[Stored entries]
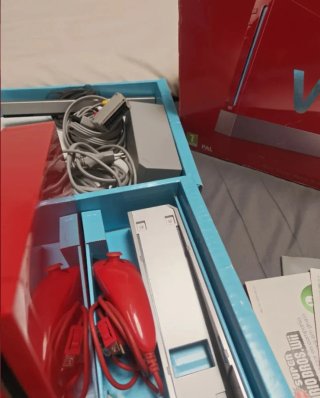 Nintendo Wii 25 Aniversario Roja + Wii Sports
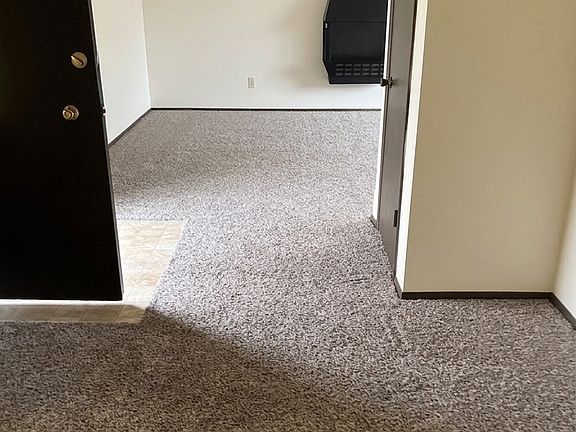 2nd image of 1601-1619 SE Main St #1613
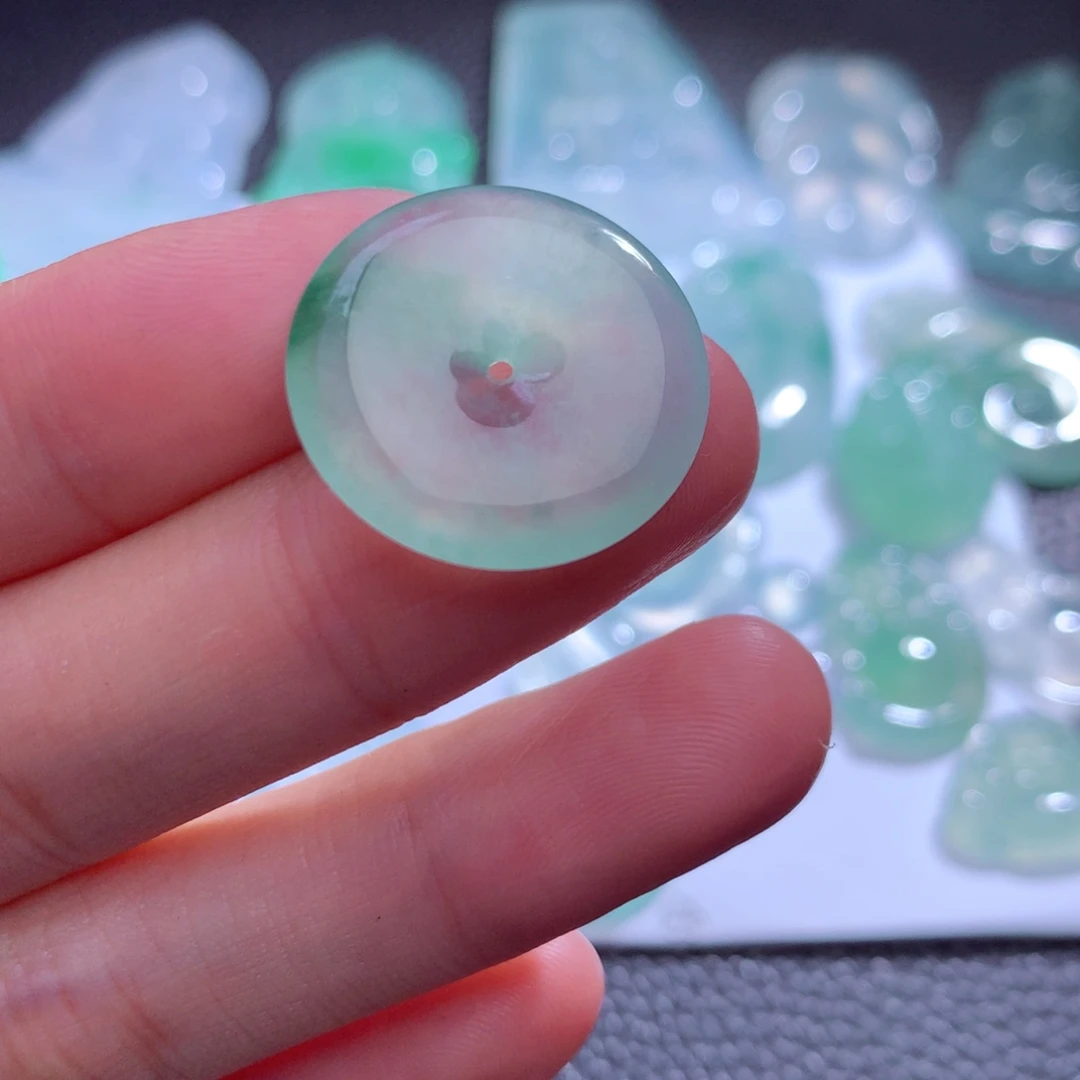 翡翠未镶嵌颈饰缅甸翡翠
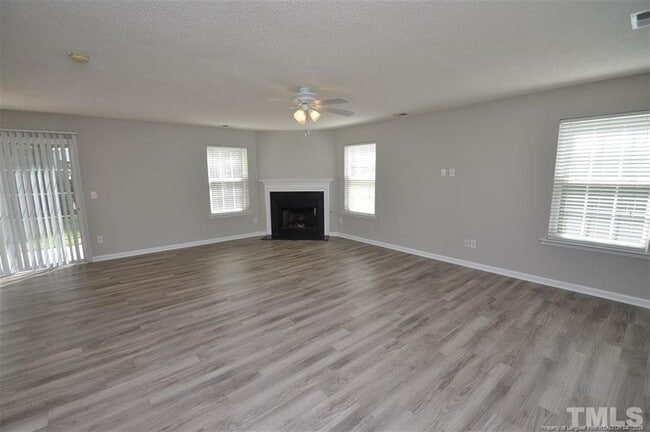 Photo - 5909 Rivercliff Ct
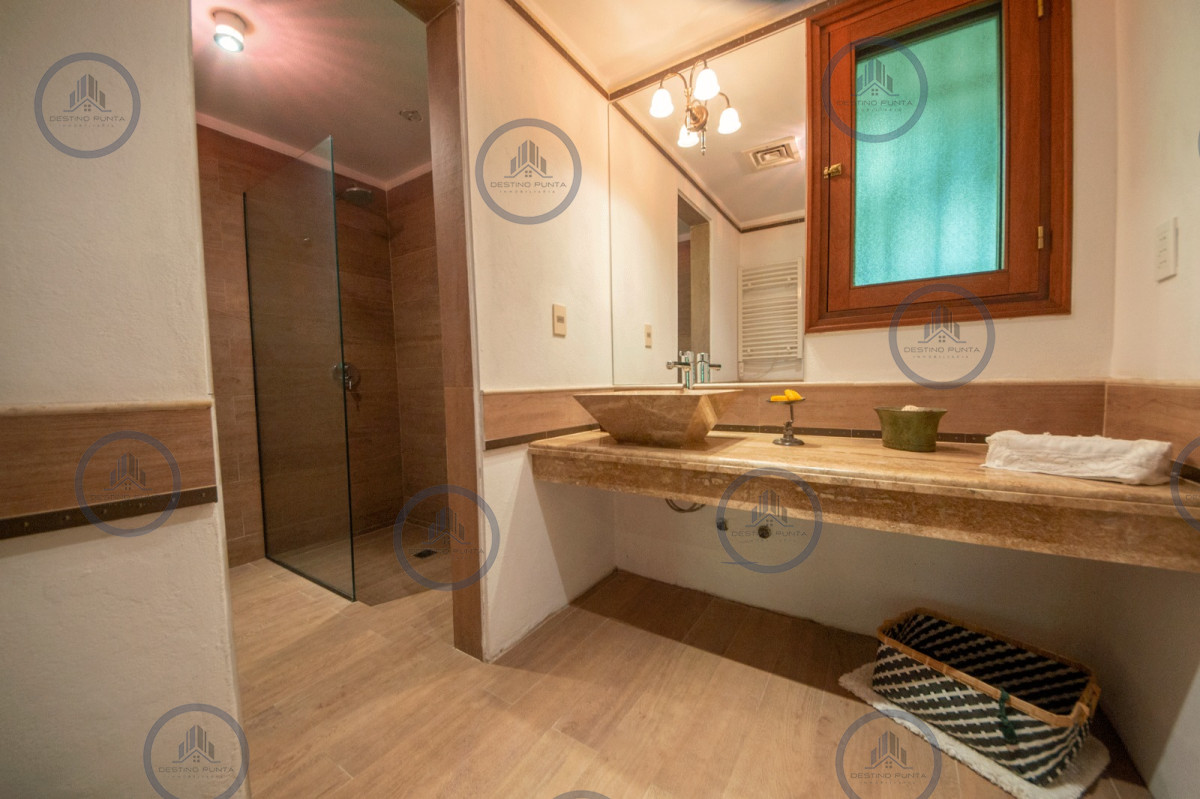Casa ID.2367 - Magnifica casa en venta de 4 dormitorios mas apartamento de huespedes y piscina en playa Mansa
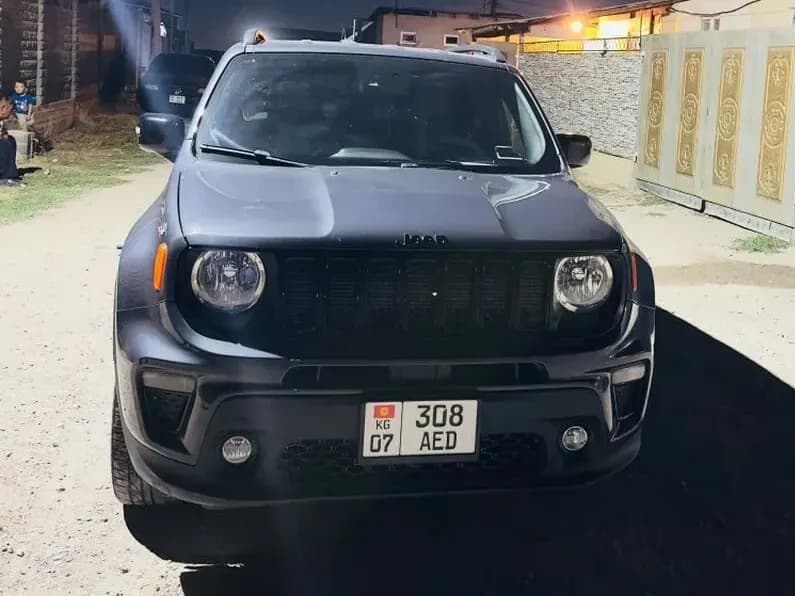 Jeep Renegade, 2022, Талас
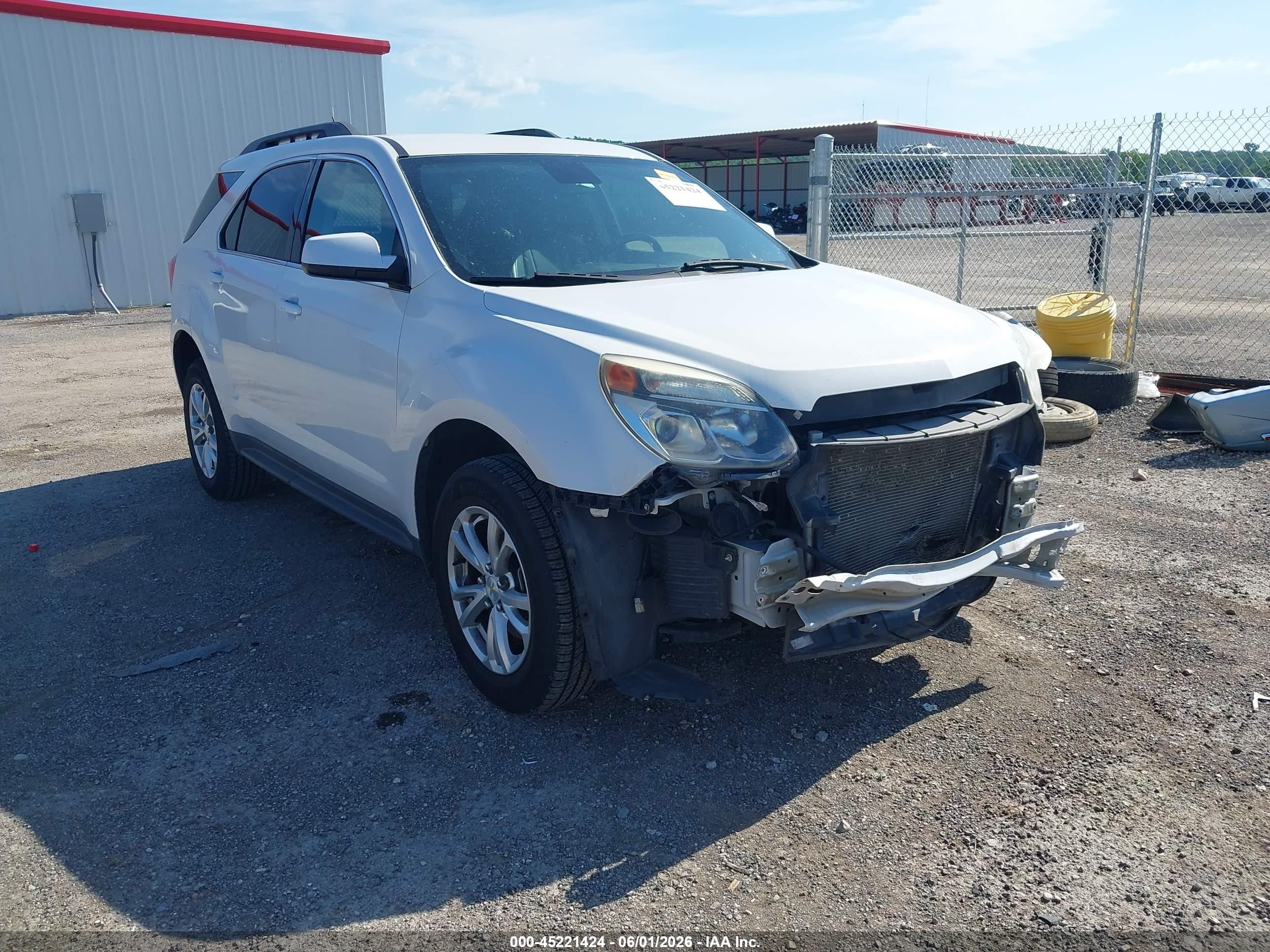 2016 Chevrolet Equinox LT, VIN 2GNFLFE38G6308100 — Front end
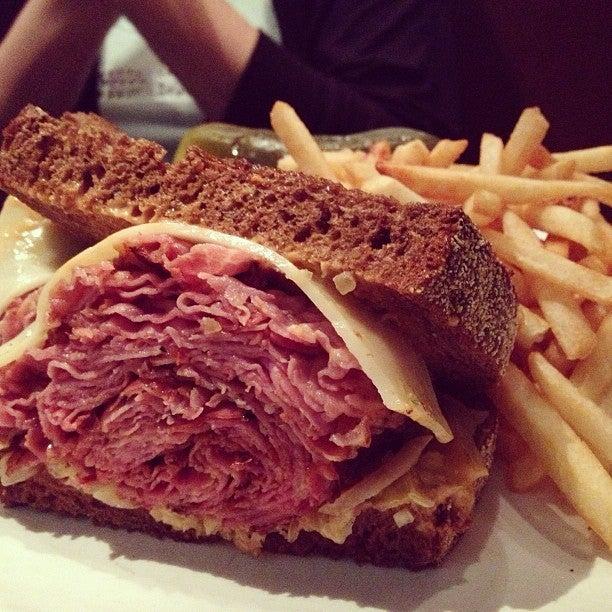 Reuben's Deli and Steakhouse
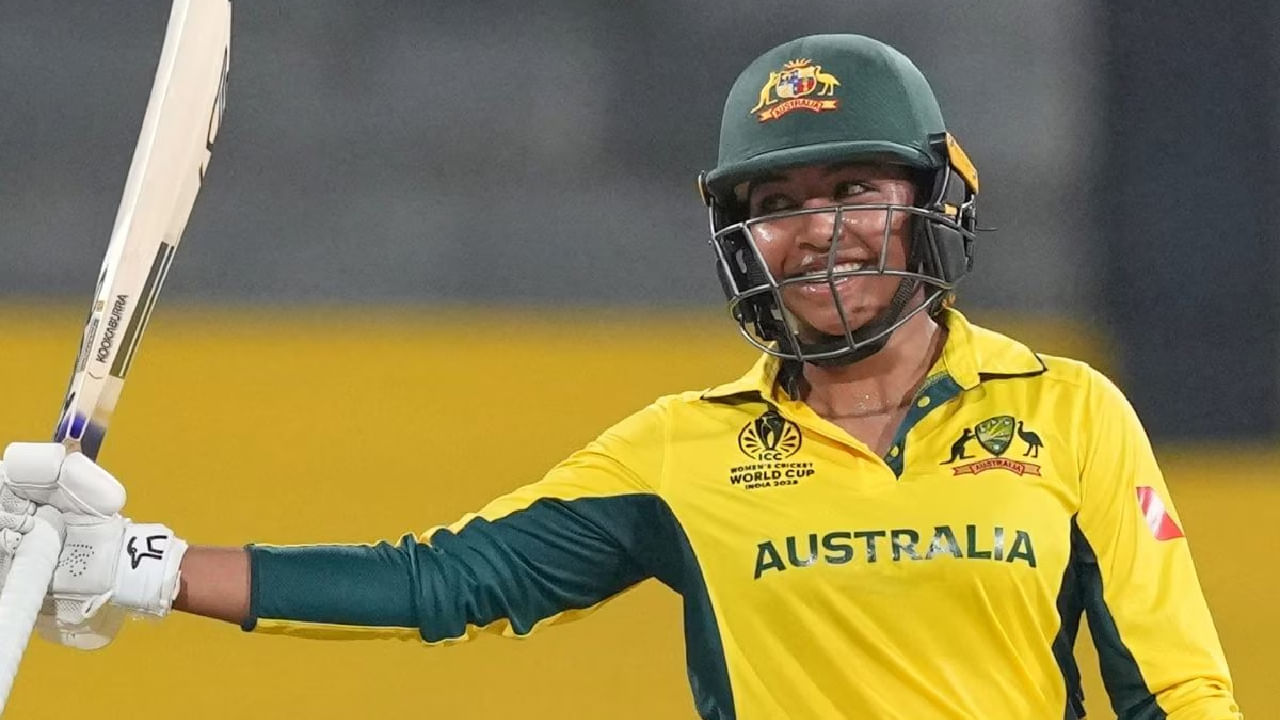 ಮಹಿಳಾ ಕ್ರಿಕೆಟ್​ನಲ್ಲಿ ಎಂಟಕ್ಕಿಂತ ಕೆಳ ಕ್ರಮಾಂಕದಲ್ಲಿ ಕಣಕ್ಕಿಳಿದು ಅತ್ಯಧಿಕ ಸ್ಕೋರ್​ಗಳಿಸಿದ ದಾಖಲೆ ಸೌತ್ ಆಫ್ರಿಕಾ ಯುಲಾಂಡಿ ವ್ಯಾನ್ ಡರ್ ಮರ್ವ್ ಹೆಸರಿನಲ್ಲಿತ್ತು. 2000 ರಲ್ಲಿ ಭಾರತದ ವಿರುದ್ಧದ ನಡೆದ ಏಕದಿನ ಪಂದ್ಯದಲ್ಲಿ 10ನೇ ಕ್ರಮಾಂಕದಲ್ಲಿ ಕಣಕ್ಕಿಳಿದ ಯುಲಾಂಡಿ 42 ರನ್ ಬಾರಿಸಿದ್ದರು. ಇದೀಗ 10ನೇ ಕ್ರಮಾಂಕದಲ್ಲಿ ಅಜೇಯ 51 ರನ್​ ಬಾರಿಸುವ ಮೂಲಕ ಅಲನಾ ಕಿಂಗ್ ಹೊಸ ಇತಿಹಾಸ ರಚಿಸಿದ್ದಾರೆ.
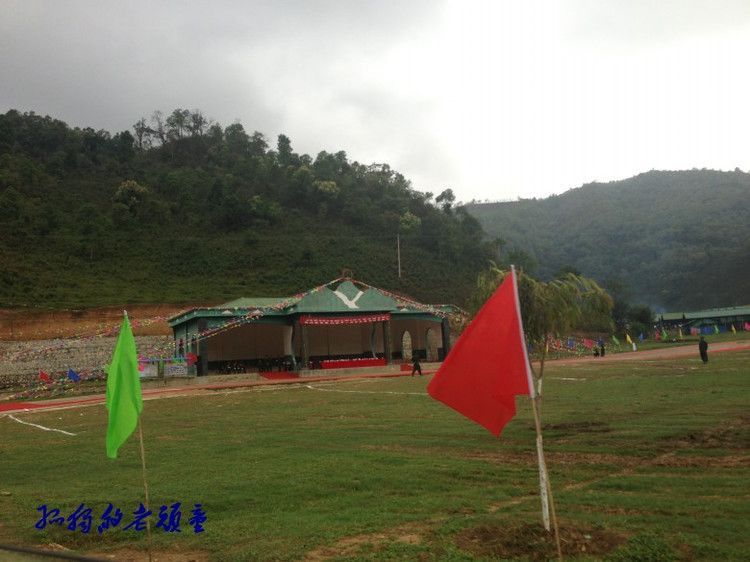 佤联军一九八九年四月十七日，是佤邦联合军建军节。原定名缅甸民族民主联合军，由于形势需要，一九八九年十一月四日，改名为佤邦联合军。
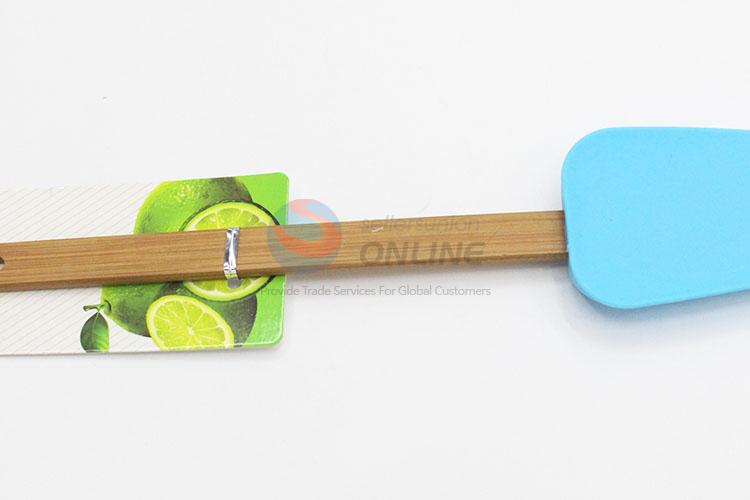 Promotional cool low price blue silicone scraper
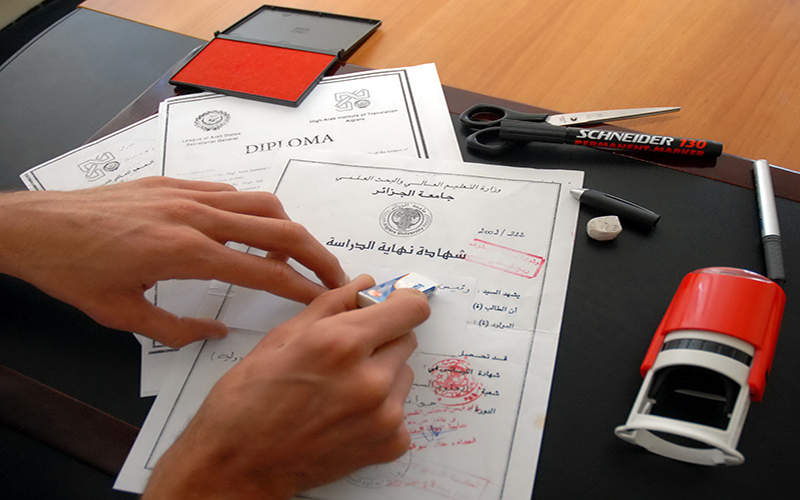 شاب يحول مكتب وكالة إشهار إلى محل لتزوير شهادات مدرسية وديبلومات تكوين بوهران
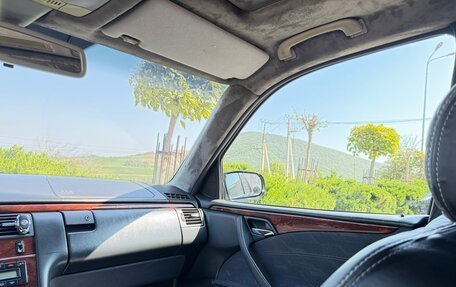Mercedes-Benz E-Класс, 1999 год, 820 000 рублей, 16 фотография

- Exercise: The records above must be output exactly, except for their pictures.

- Written response:
 Nintendo Wii 25 Aniversario Roja + Wii Sports
 2nd image of 1601-1619 SE Main St #1613
 翡翠未镶嵌颈饰缅甸翡翠
 Photo - 5909 Rivercliff Ct
Casa ID.2367 - Magnifica casa en venta de 4 dormitorios mas apartamento de huespedes y piscina en playa Mansa
 Jeep Renegade, 2022, Талас
 2016 Chevrolet Equinox LT, VIN 2GNFLFE38G6308100 — Front end
 Reuben's Deli and Steakhouse
 ಮಹಿಳಾ ಕ್ರಿಕೆಟ್​ನಲ್ಲಿ ಎಂಟಕ್ಕಿಂತ ಕೆಳ ಕ್ರಮಾಂಕದಲ್ಲಿ ಕಣಕ್ಕಿಳಿದು ಅತ್ಯಧಿಕ ಸ್ಕೋರ್​ಗಳಿಸಿದ ದಾಖಲೆ ಸೌತ್ ಆಫ್ರಿಕಾ ಯುಲಾಂಡಿ ವ್ಯಾನ್ ಡರ್ ಮರ್ವ್ ಹೆಸರಿನಲ್ಲಿತ್ತು. 2000 ರಲ್ಲಿ ಭಾರತದ ವಿರುದ್ಧದ ನಡೆದ ಏಕದಿನ ಪಂದ್ಯದಲ್ಲಿ 10ನೇ ಕ್ರಮಾಂಕದಲ್ಲಿ ಕಣಕ್ಕಿಳಿದ ಯುಲಾಂಡಿ 42 ರನ್ ಬಾರಿಸಿದ್ದರು. ಇದೀಗ 10ನೇ ಕ್ರಮಾಂಕದಲ್ಲಿ ಅಜೇಯ 51 ರನ್​ ಬಾರಿಸುವ ಮೂಲಕ ಅಲನಾ ಕಿಂಗ್ ಹೊಸ ಇತಿಹಾಸ ರಚಿಸಿದ್ದಾರೆ.
 佤联军一九八九年四月十七日，是佤邦联合军建军节。原定名缅甸民族民主联合军，由于形势需要，一九八九年十一月四日，改名为佤邦联合军。
 Promotional cool low price blue silicone scraper
 شاب يحول مكتب وكالة إشهار إلى محل لتزوير شهادات مدرسية وديبلومات تكوين بوهران
Mercedes-Benz E-Класс, 1999 год, 820 000 рублей, 16 фотография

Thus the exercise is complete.